§ **TASK ITEM**
Your reply should consist only of the lines from the one with "Attaque au couteau" through the end of the entries, transcribed exactly. Pictures stay out.

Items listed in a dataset
____

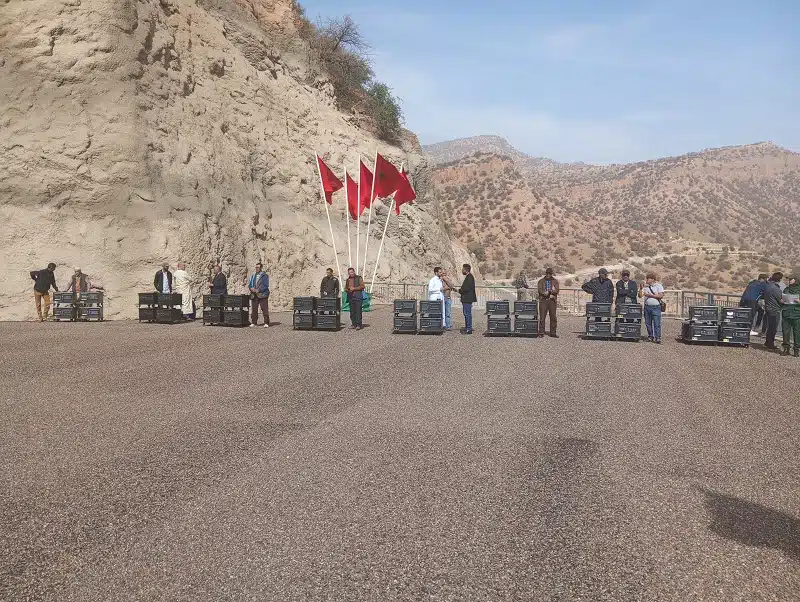 2,7 MMDH pour la réhabilitation des forêts et l’aménagement des bassins versants dans les zones touchées par le séisme d’Al Haouz 2,7 MMDH pour la réhabilitation des forêts et l’aménagement des bassins versants dans les zones touchées par le séisme d’Al Haouz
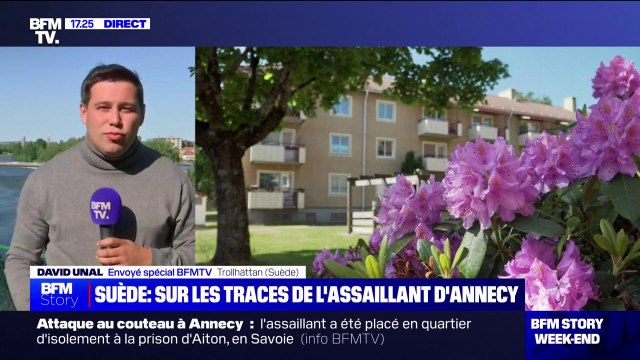 Attaque au couteau à Annecy: ce que l'on sait du parcours de l'assaillant, de la Syrie à la Suède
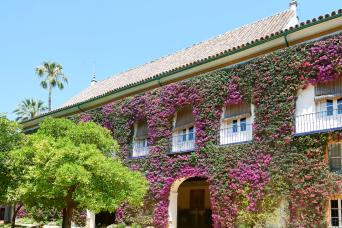 1826 - Visite guidée de 3 heures à Séville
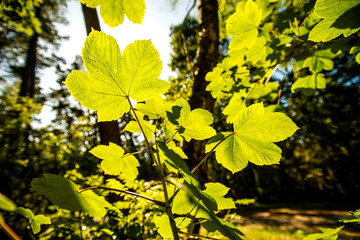 maple leaf back light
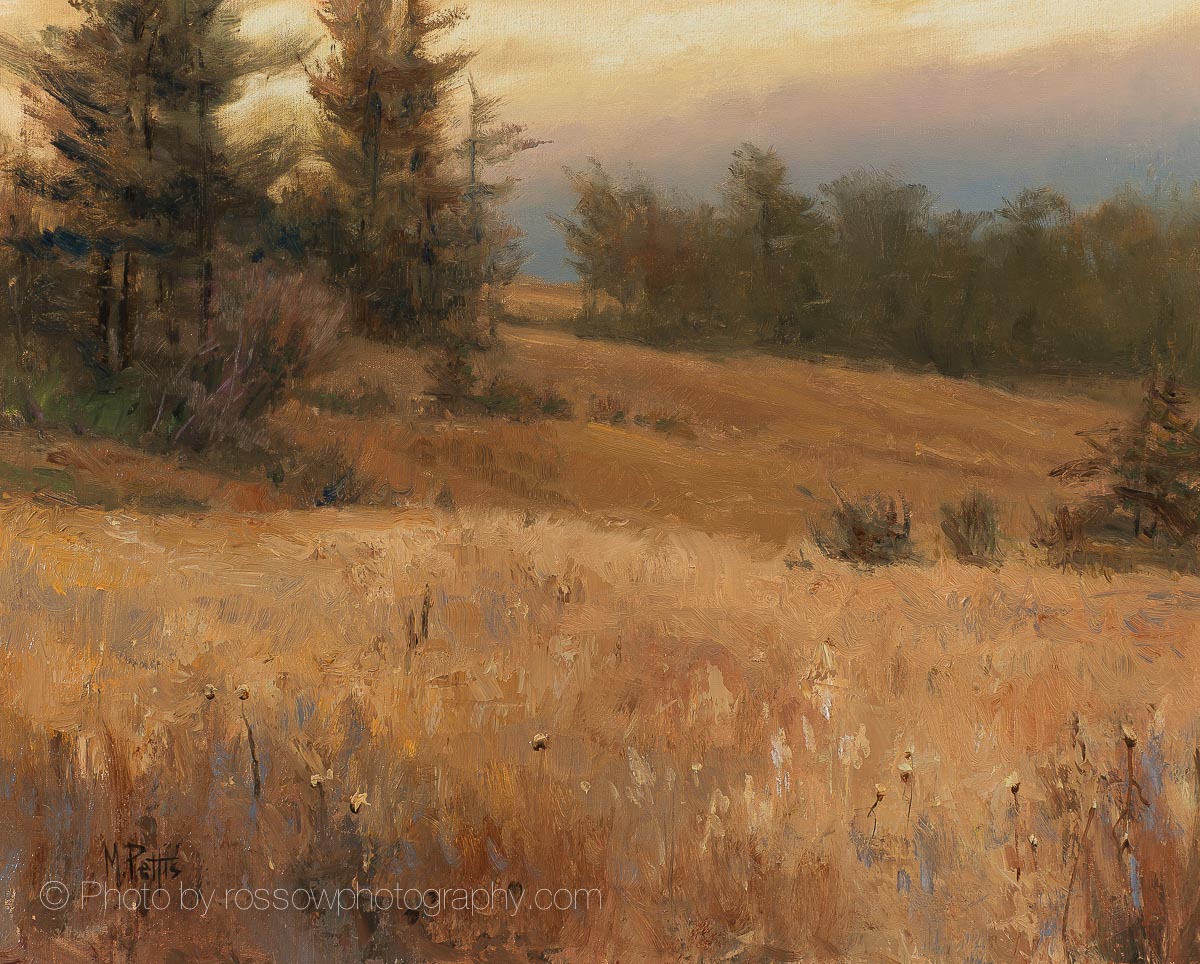 Artwork Photography of Meadow-at-Dusk-by-Mary Pettis
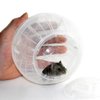 Hamster Exercise Ball Silent Hamster Wheel Small Animals Transparent Ball for Dwar Rat Relieves Boredom and Increases Activity (4.8 inch, Clear)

____

§ **ANSWER BOX**
 Attaque au couteau à Annecy: ce que l'on sait du parcours de l'assaillant, de la Syrie à la Suède
 1826 - Visite guidée de 3 heures à Séville
 maple leaf back light
 Artwork Photography of Meadow-at-Dusk-by-Mary Pettis
 Hamster Exercise Ball Silent Hamster Wheel Small Animals Transparent Ball for Dwar Rat Relieves Boredom and Increases Activity (4.8 inch, Clear)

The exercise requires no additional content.